I haven't been able to get anyone to agree on a definition of what makes a language functional. Functional languages (Lispen, Haskell, ML, Miranda, etc) share a few useful characteristics, though:
Perl has a few generalized list-munging tools (map and grep come to mind, as well as for (@list) auto-binding $_). Haskell has more -- nothing you can't implement with what we have, of course (just look at Language::Functional), but well-integrated into the language. Lists aren't quite as ubiquitous in Haskell as they are in Lisp, but they're pretty close.
You know that anonymous code block you can pass to map or grep? Yep. In Perl, you can build anonymous subs and assign them to coderefs; in functional languages, building anonymous and/or locally-scoped functions is just another idiom.

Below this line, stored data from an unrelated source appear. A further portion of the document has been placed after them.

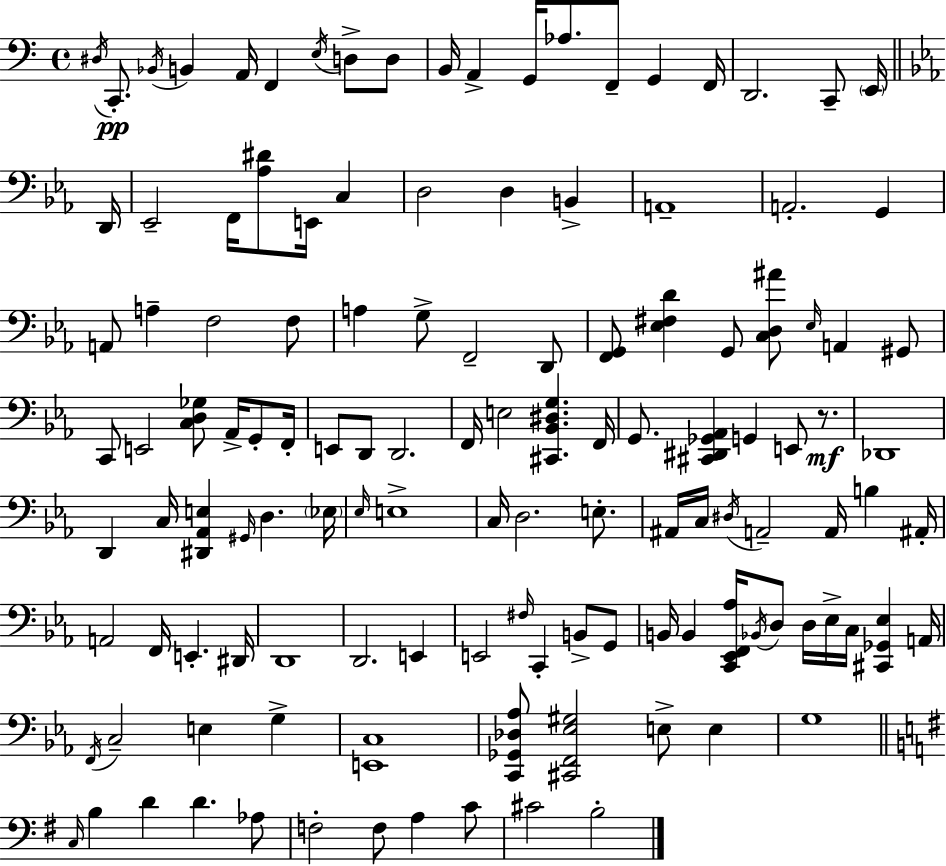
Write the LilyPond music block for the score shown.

{
  \clef bass
  \time 4/4
  \defaultTimeSignature
  \key c \major
  \acciaccatura { dis16 }\pp c,8.-. \acciaccatura { bes,16 } b,4 a,16 f,4 \acciaccatura { e16 } d8-> | d8 b,16 a,4-> g,16 aes8. f,8-- g,4 | f,16 d,2. c,8-- | \parenthesize e,16 \bar "||" \break \key c \minor d,16 ees,2-- f,16 <aes dis'>8 e,16 c4 | d2 d4 b,4-> | a,1-- | a,2.-. g,4 | \break a,8 a4-- f2 f8 | a4 g8-> f,2-- d,8 | <f, g,>8 <ees fis d'>4 g,8 <c d ais'>8 \grace { ees16 } a,4 | gis,8 c,8 e,2 <c d ges>8 aes,16-> g,8-. | \break f,16-. e,8 d,8 d,2. | f,16 e2 <cis, bes, dis g>4. | f,16 g,8. <cis, dis, ges, aes,>4 g,4 e,8 r8.\mf | des,1 | \break d,4 c16 <dis, aes, e>4 \grace { gis,16 } d4. | \parenthesize ees16 \grace { ees16 } e1-> | c16 d2. | e8.-. ais,16 c16 \acciaccatura { dis16 } a,2-- a,16 | \break b4 ais,16-. a,2 f,16 e,4.-. | dis,16 d,1 | d,2. | e,4 e,2 \grace { fis16 } c,4-. | \break b,8-> g,8 b,16 b,4 <c, ees, f, aes>16 \acciaccatura { bes,16 } d8 d16 | ees16-> c16 <cis, ges, ees>4 a,16 \acciaccatura { f,16 } c2-- | e4 g4-> <e, c>1 | <c, ges, des aes>8 <cis, f, ees gis>2 | \break e8-> e4 g1 | \bar "||" \break \key g \major \grace { c16 } b4 d'4 d'4. aes8 | f2-. f8 a4 c'8 | cis'2 b2-. | \bar "|."
} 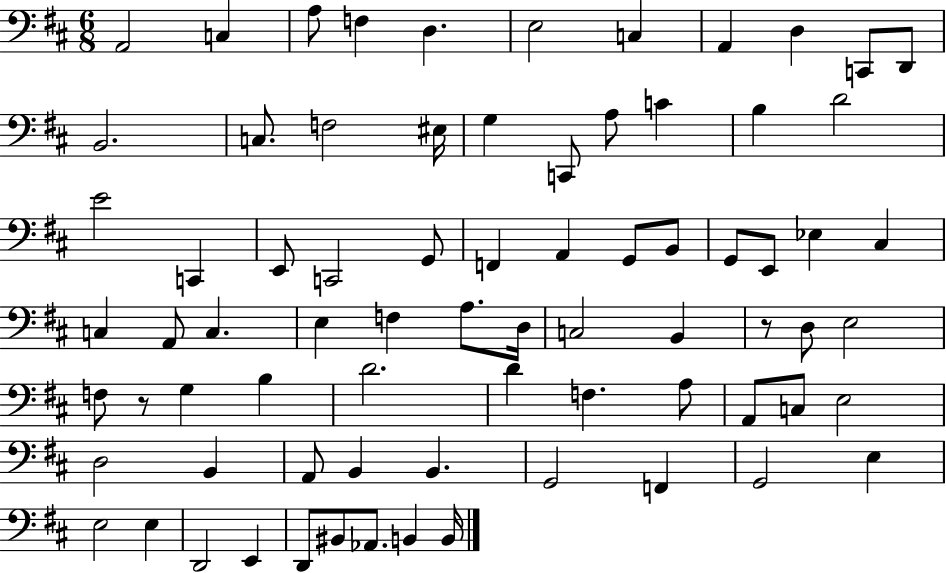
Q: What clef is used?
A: bass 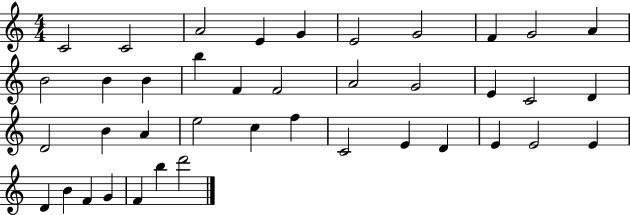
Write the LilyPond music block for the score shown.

{
  \clef treble
  \numericTimeSignature
  \time 4/4
  \key c \major
  c'2 c'2 | a'2 e'4 g'4 | e'2 g'2 | f'4 g'2 a'4 | \break b'2 b'4 b'4 | b''4 f'4 f'2 | a'2 g'2 | e'4 c'2 d'4 | \break d'2 b'4 a'4 | e''2 c''4 f''4 | c'2 e'4 d'4 | e'4 e'2 e'4 | \break d'4 b'4 f'4 g'4 | f'4 b''4 d'''2 | \bar "|."
}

Once you have lambdas that are fun and easy to sling around, you can do a lot more with functions than just call them. You can pass them to other functions, store them in lists, build a bunch of related functions on the fly, and so on. (You can do all of this in Perl, too: for instance, storing a bunch of handler functions in a hash as a dispatch table.)
Since functions are first-class objects, there's nothing preventing you from writing functions that operate on functions (in fact, this is quite common). These are known as higher-order functions, and are rather closely tied to the idea of currying (see below).
Well, mostly. If you ignore inconvenient ideas like I/O, Haskell is pretty much entirely free of side effects (for example, the Perl expression $foo = 5 evaluates to 5, and changes the value of $foo as a side effect -- or is it the other way around?). Proponents of this sort of programming will tell you that side-effect-free programming causes far fewer bugs; I'm going to reserve judgement on this point. Put simply, don't expect to do much in the way of assignment or iteration in Haskell. (Note that if you consider Lisp and friends to be functional languages, you probably don't consider this to be a defining point -- unless your variety of Lisp doesn't have setq, of course.)
Haskell is a polymorphically typed language. If that makes you think of object-oriented "strongly typed" languages like Java or C++, you're not too far off the mark. (In fact, you'll probably spend your first few months with Haskell cursing its anal-retentive type system, especially given the fact that neither hugs nor ghc produces particularly clear type-error reports.) It's not as bad as you think, though: Haskell is pretty clever at inferring types for your expressions and functions -- however, any type mismatches will be caught at compile-time, not at runtime. (This is generally supposed to be a good thing.)
Haskell's types aren't really isomorphic to your standard OO class hierarchy, though. Okay, Haskell has a hierarchy of type classes, which give you polymorphism in much the same way as a base-class pointer in C++. However, Haskell type classes don't enforce the usual data-encapsulation you'd find in OO languages; nor do they adhere to the object->method "functions attached to data" model that most of us associate with OOP.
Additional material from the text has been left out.